Given an image with a square region of missing pixels, our goal is to fill in the missing pixels in a visually plausible way. We plan to start with the CIFAR-10 dataset, removing a square region of each image. Time permitting, we will try our method on other datasets, such as ImageNet or the lamprey dataset from our original project.
As our baseline, we will implement together CNNs with MSE loss to do regression on the intensities of the missing pixels. Then, each of us will investigate different methods using generative models to improve the baseline:
- Debora: PixelCNN and PixelRNN [1, 2]
- Grace: GAN and DCGAN [3, 4]
- Yue: Image completion with perceptual and contextual losses [5]

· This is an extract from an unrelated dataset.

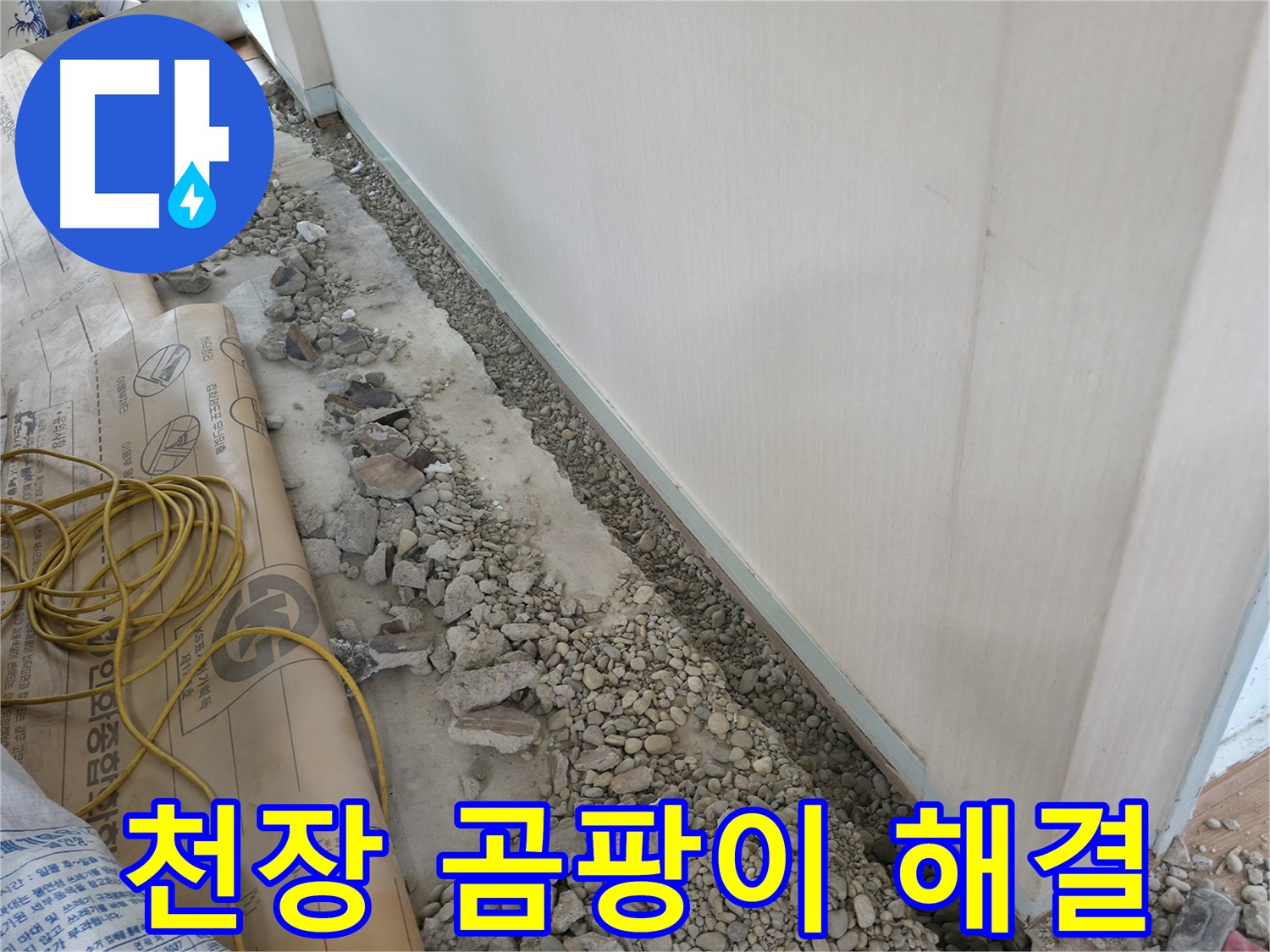 염곡동 누수 - 천장 곰팡이, 빠른 누수 탐지로 문제 해결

After experimentation, we will compare our results and all of us will work together to optimize one or two models that we find most promising.
We will use RMSE to evaluate our results. Since the completed image does not have to duplicate the original image as long as it looks real and plausible to a human judge, we will also randomly sample images for human judgment.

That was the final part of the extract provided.